A discussão em torno do eventual fechamento da Agência dos Estados Unidos para o Desenvolvimento Internacional (Usaid, na sigla em inglês) demonstra como o populismo de viés autoritário do presidente Donald Trump ameaça uma importante organização de ajuda humanitária e, ademais, um instrumento de soft power da maior potência bélica e econômica do mundo.

Criada em 1961, no governo de John F. Kennedy, a Usaid gerenciou, em 2023, mais de US$ 40 bilhões (menos de 1% do orçamento federal dos EUA). Esses recursos têm sido empregados em programas que beneficiam países como a Ucrânia, invadida pela Rússia, e a conflagrada República Democrática do Congo, entre outros. Na América Latina, o país que mais recebe recursos da agência é a Colômbia, aliada histórica dos EUA na região.

Políticos democratas alertam que a ideia de acabar com a Usaid – encampada ferrenhamente pelo bilionário Elon Musk, alçado por Trump à chefia do chamado Departamento de Eficiência Governamental – coloca em sério risco a segurança nacional dos EUA.

Na Síria, por exemplo, a vigilância de prisioneiros do Estado Islâmico pelos curdos, que também são aliados de longa data dos norte-americanos, ficará seriamente comprometida caso a Usaid, de fato, seja fechada. Ao fim e ao cabo, a estratégia de Musk de dar fim à agência, que ele chamou de “organização criminosa”, pode fortalecer os verdadeiros criminosos, como os membros do Estado Islâmico, inimigos mortais dos EUA. Do ponto de vista estratégico, portanto, o fechamento da Usaid seria um erro grosseiro, sobretudo vindo de alguém que chefia um departamento que, em tese, busca a eficiência governamental.

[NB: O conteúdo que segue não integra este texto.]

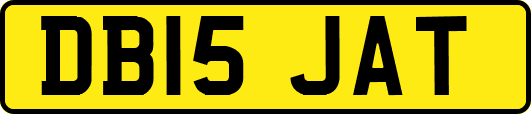DB15JAT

Por ora, apesar de aterrorizar os cerca de 10 mil funcionários da Usaid, Musk, ao que parece, não conseguirá fechá-la. O secretário de Estado Marco Rubio foi nomeado administrador interino da agência. Rubio é crítico da Usaid, que, segundo ele, se afastou de sua missão original. Porém, o secretário de Estado defende que a agência ofereça ajuda externa de acordo com os interesses dos EUA. E até mesmo Trump, que, segundo Musk, havia concordado com o fim do órgão, afirmou que a Usaid tem um “bom conceito”, malgrado o presidente afirmar que a agência seja administrada por um “bando de radicais lunáticos”. Em que pese não ter sido formalmente extinta, a incerteza quanto ao futuro da Usaid já se faz sentir.

A página da agência na internet, após dias fora do ar, retornou com uma única informação: a de que os funcionários, com poucas exceções, se encontram em licença administrativa; aqueles que estão no exterior serão repatriados. Contratos com parceiros em diversos países foram cancelados.

Caso estivesse realmente interessado em promover a eficiência, o governo Trump corrigiria os eventuais erros que possa haver na gestão da Usaid, mas não acabaria com a agência nem reduziria a ajuda externa, que sustenta pontes estratégicas para os EUA. Ao jogar a Usaid em um limbo, Trump, inadvertidamente ou não, fortalece Rússia e China, além de fomentar o ressentimento de nações pobres e radicalizadas contra os EUA. Politicamente, é o famoso barato que sai caro.